### Records to process
☆ ☆ ☆ ☆ ☆

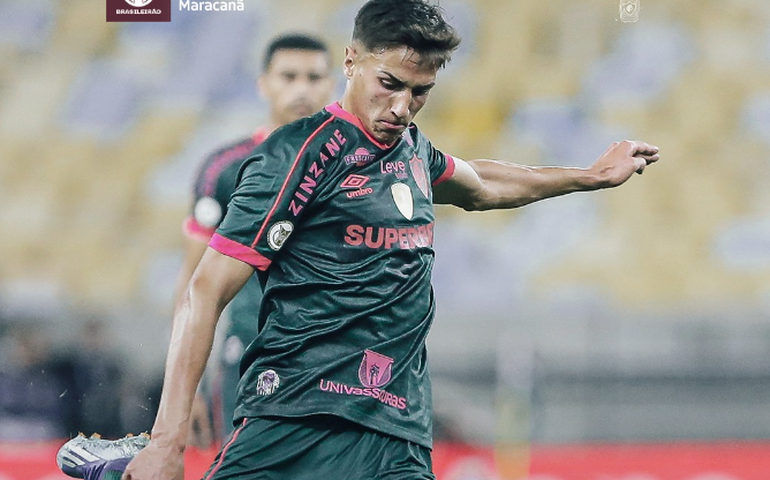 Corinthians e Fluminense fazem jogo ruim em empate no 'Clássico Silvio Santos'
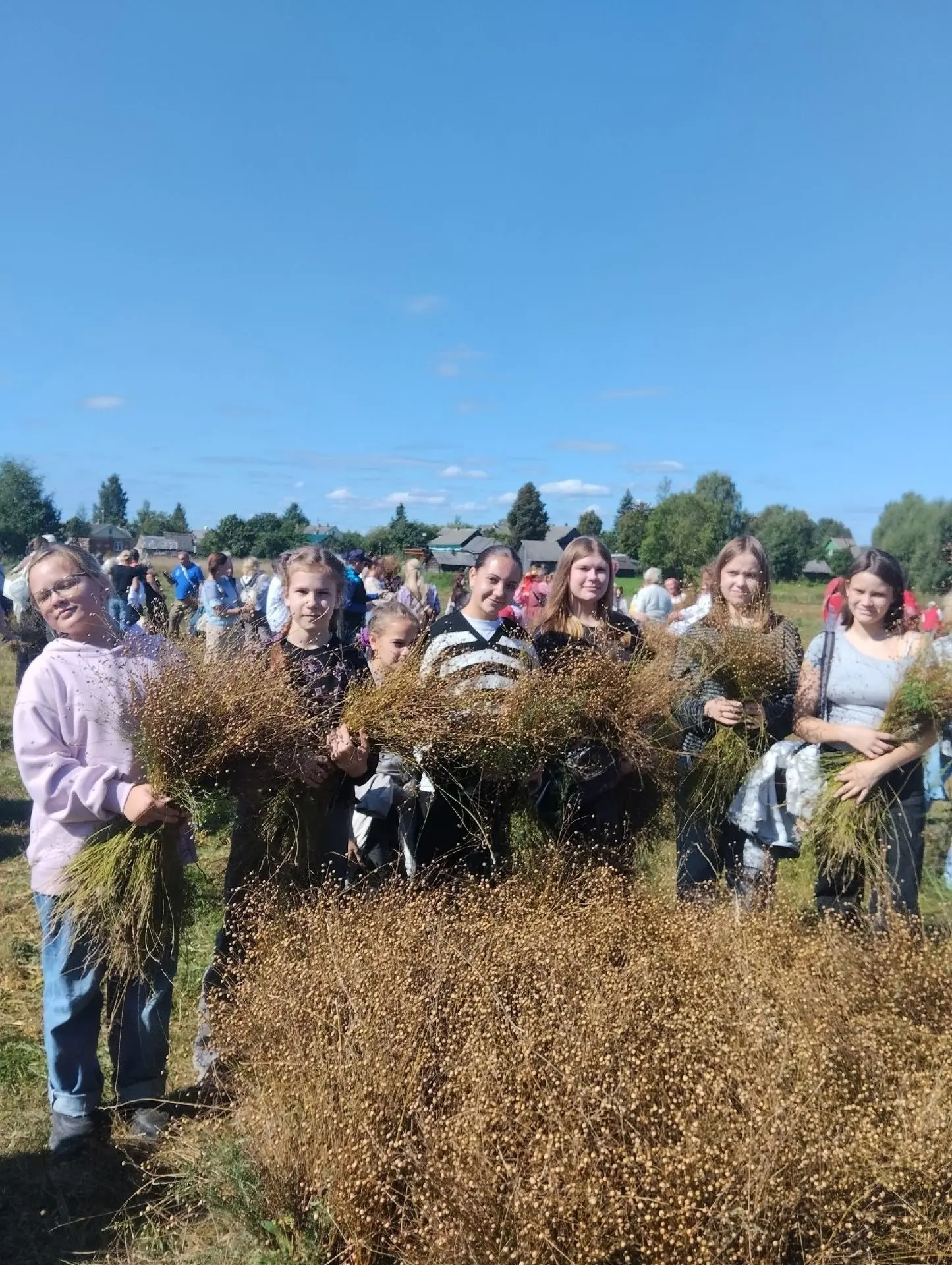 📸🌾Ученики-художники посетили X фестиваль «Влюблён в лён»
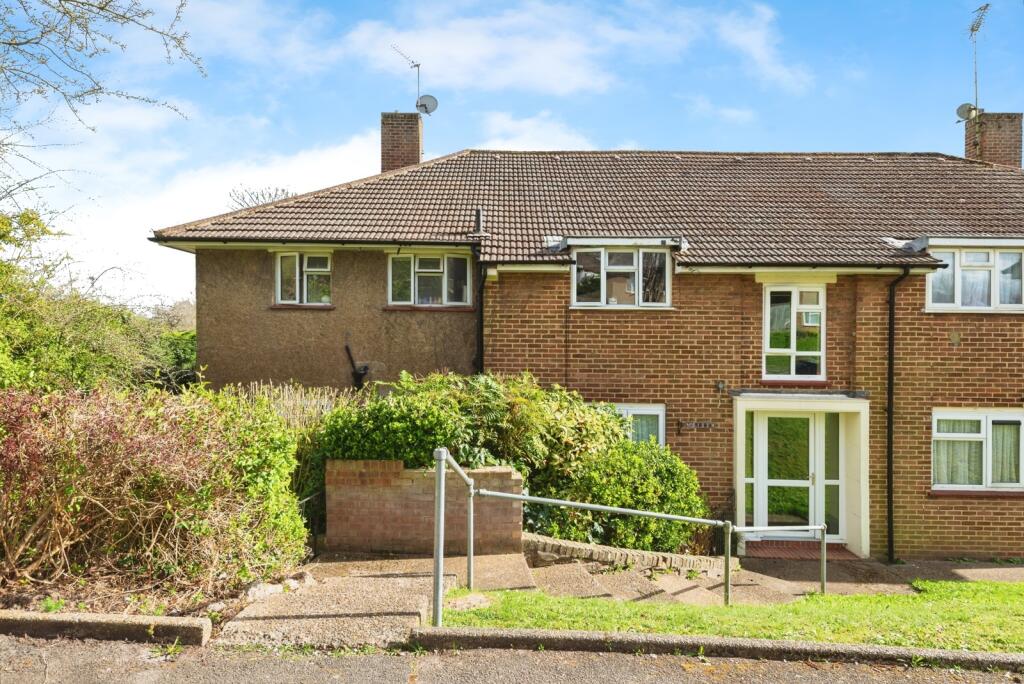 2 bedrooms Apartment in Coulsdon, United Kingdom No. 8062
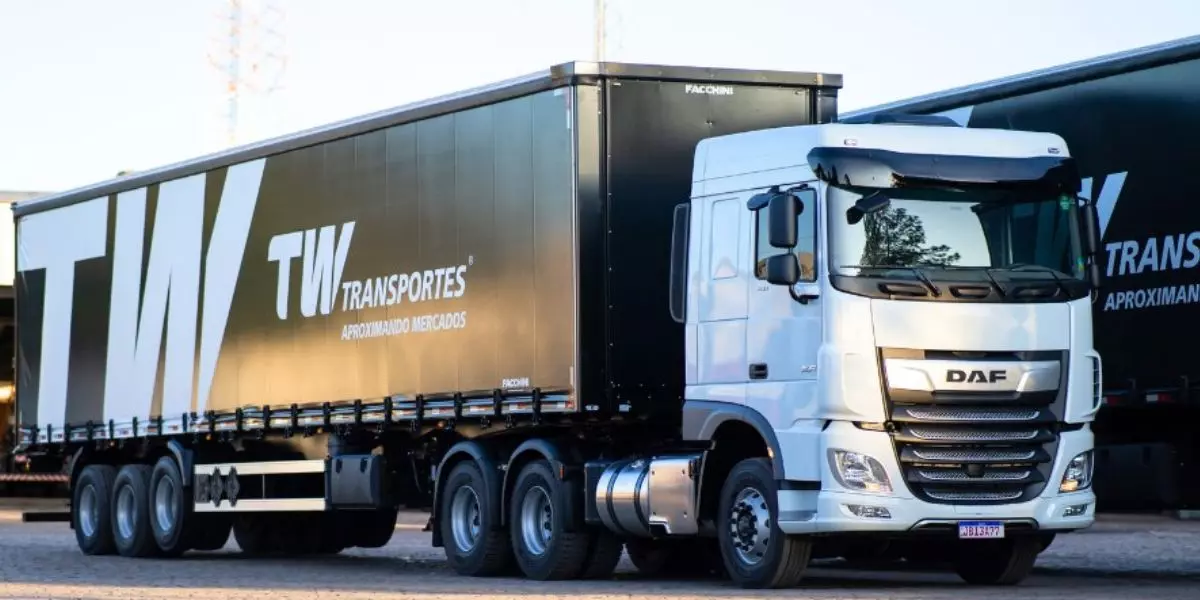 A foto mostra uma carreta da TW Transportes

☆ ☆ ☆ ☆ ☆

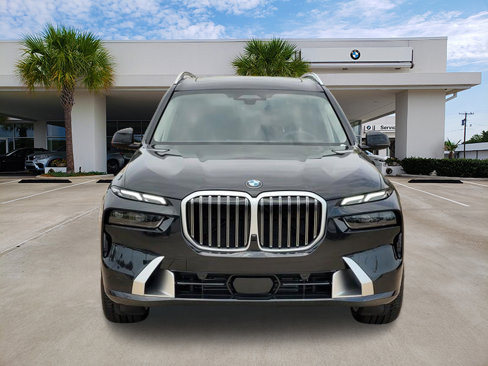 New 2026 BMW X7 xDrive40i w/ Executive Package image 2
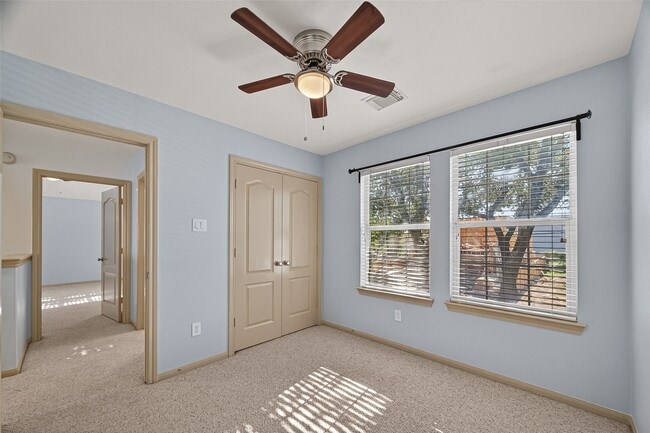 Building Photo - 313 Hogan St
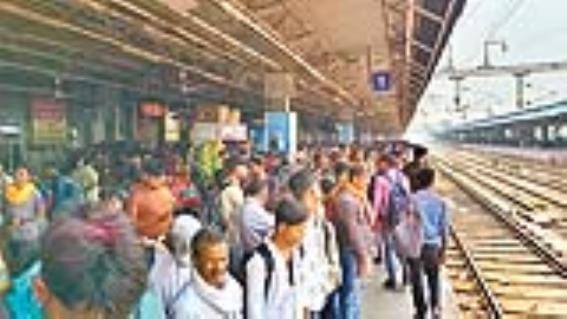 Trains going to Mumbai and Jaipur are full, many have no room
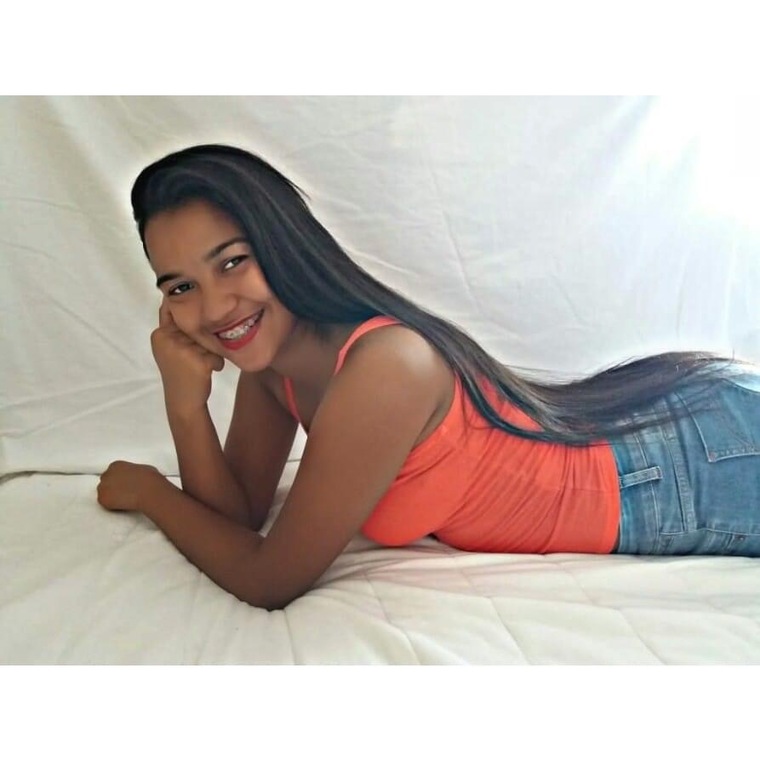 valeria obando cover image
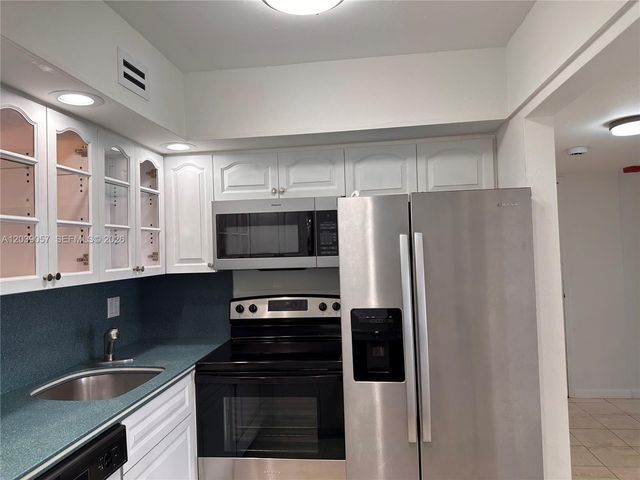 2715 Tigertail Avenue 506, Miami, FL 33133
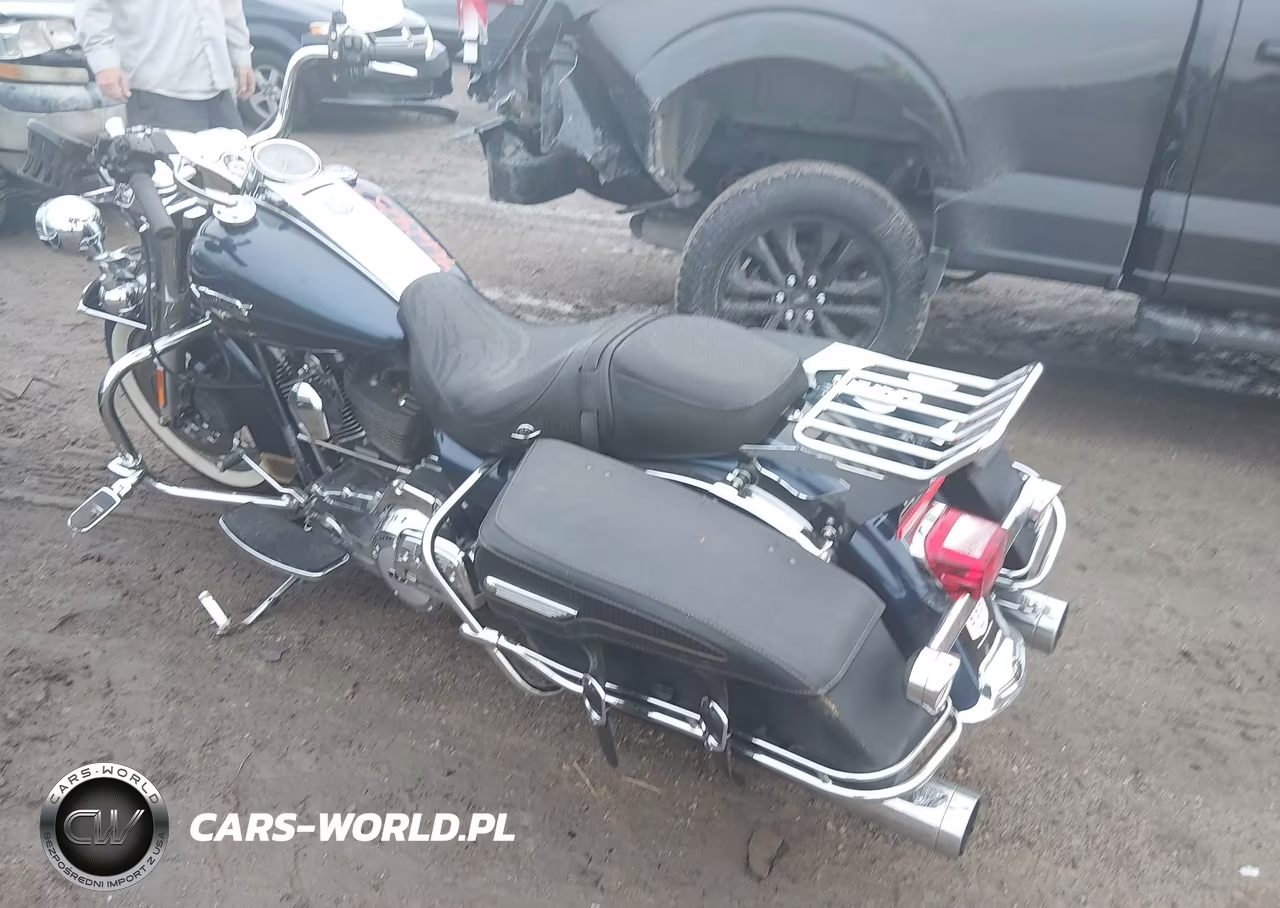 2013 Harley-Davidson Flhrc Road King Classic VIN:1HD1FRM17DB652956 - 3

☆ ☆ ☆ ☆ ☆

### Task brief
Reproduce the entries exactly, from the line with "Corinthians e Fluminense" to the line with "A foto mostra uma carreta da TW Transportes", both lines included, keeping no pictures.

### Response area
 Corinthians e Fluminense fazem jogo ruim em empate no 'Clássico Silvio Santos'
 📸🌾Ученики-художники посетили X фестиваль «Влюблён в лён»
 2 bedrooms Apartment in Coulsdon, United Kingdom No. 8062
 A foto mostra uma carreta da TW Transportes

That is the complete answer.